RSPCA animal collection officer Kirstie Gilliard attended and seeing that Spike was so far up the tree she called the fire service for help.

She said: “The branch that Spike was on was very flimsy and wouldn’t have held the weight of the ladder, so myself and the firefighters decided it was best to pitch the ladder against the trunk and cut the branch whilst holding a salvage sheet underneath. This worked very well and as the branch naturally lowered down I was able to catch Spike and return him to the family – he was then put back in his enclosure in the house so he could then warm up after his little adventure.

“I would like to thank the firefighters for all their help. They were absolutely brilliant and I am so pleased it was a successful rescue. I’ve been called to many cats stuck up  trees, but this is the first time I’ve had to help rescue an iguana from one.”

Jennie added: “We are so grateful to the RSPCA and firefighters for rescuing Spike. We really didn’t know what to do as we had tried everything to get him down, but he was too high up for us to reach. Luckily Spike’s colouring  is so striking that my husband was able to spot him in the tree, he really did have quite the adventure, but think he was glad to be back and able to warm up again under his heat lamp.”

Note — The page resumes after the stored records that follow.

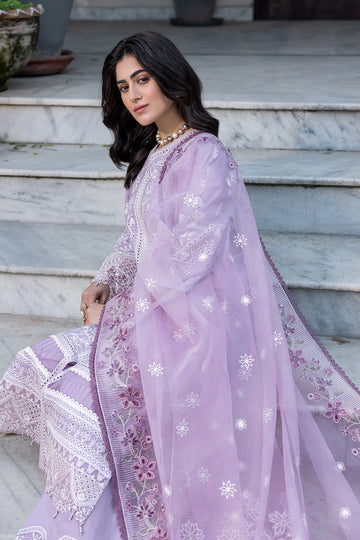 Farasha | Bahaar Embroidered Lawn | Lilac Florine - Khanumjan Pakistani Clothes and Designer Dresses in UK, USA
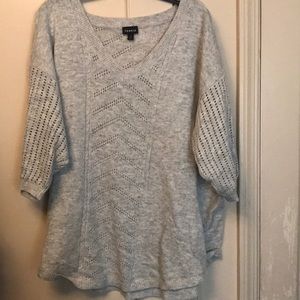 Grey shirt sleeve knit sweater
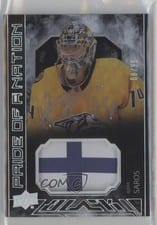 2023-24 SPx UD Black Pride of a Nation Autograph Patch Juuse Saros #PON-JS card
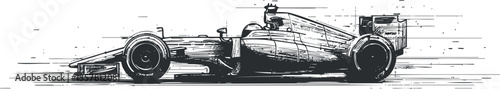 Monochrome vector illustration of a sleek racecar in motion.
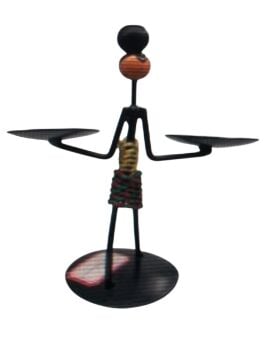 Afrikalı Kadın Figürlü Tealight Metal Mumluk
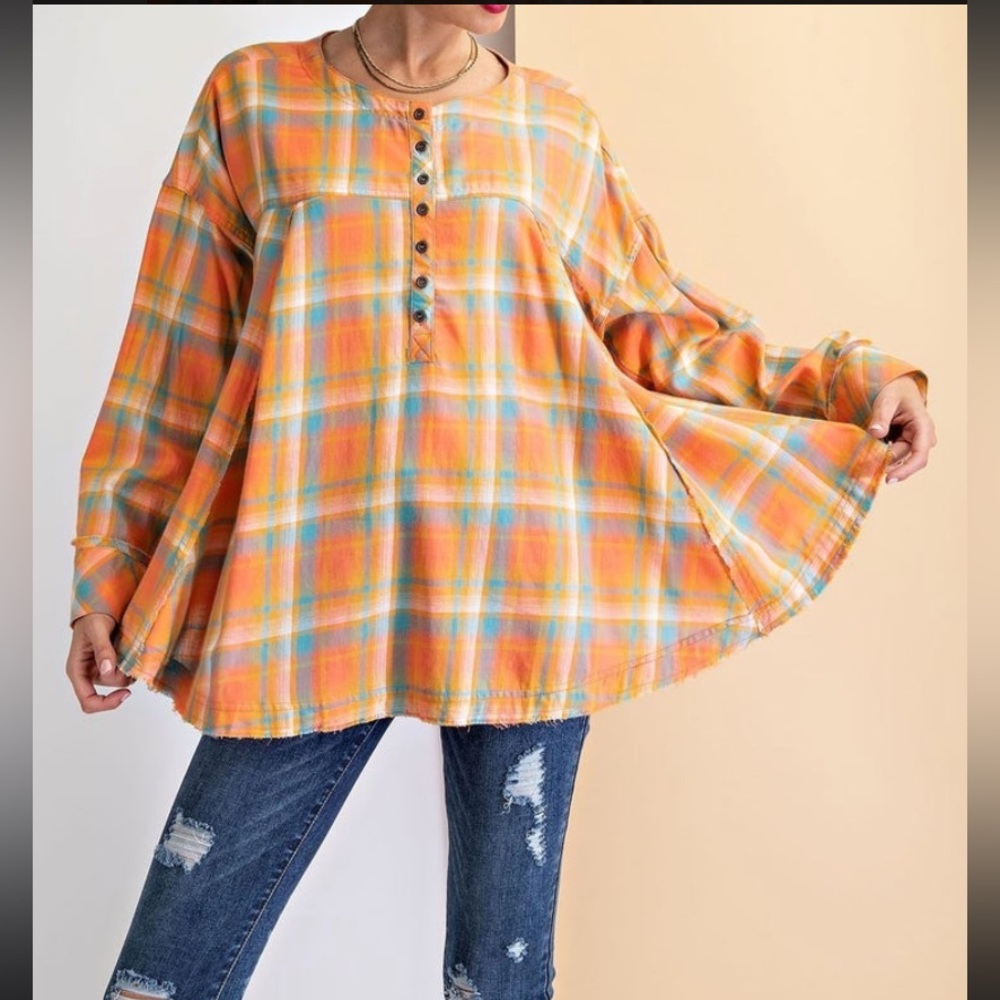 NWOT Easel Boho Orange Plaid Swing Top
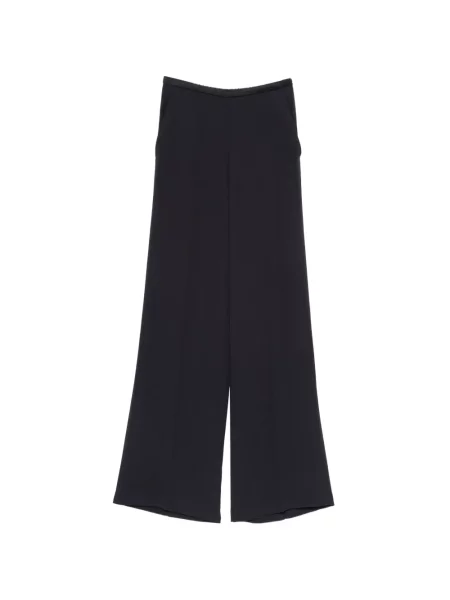 Pantaloni Forte_forte cu talie înaltă din satin albastru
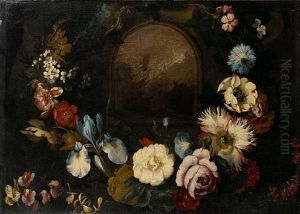 An Iris, A Rose, Honeysuckle And Other Flowers by Jan Peeter Brueghel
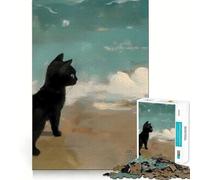 Jigsaw Puzzles 1000 Black Cat by The Sea Tight Fit Piece Cognitive Play Gift Cozy Fun Time Xmas Scene Art (38x26cm)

A London Fire Brigade spokesperson said: “Just like in this instance, the first thing to do should be to call the RSPCA if you see an animal in difficulty. If assistance from firefighters is required, the RSPCA will call us.”

It is good for reptiles to be allowed the opportunity for natural sunlight, but as they warm up they can become very quick to move, especially on a sunny day. Reptiles, particularly snakes, can be extremely good escape artists, so owners are always reminded to check their enclosures are secure first to avoid an unwanted escape.

Anyone who would like further information on how to care for exotic animals should visit: www.rspca.org.uk/exotics

The RSPCA urges anyone thinking of owning a reptile to consider adopting one of the many rescued reptiles that are currently being cared for by the animal welfare charity.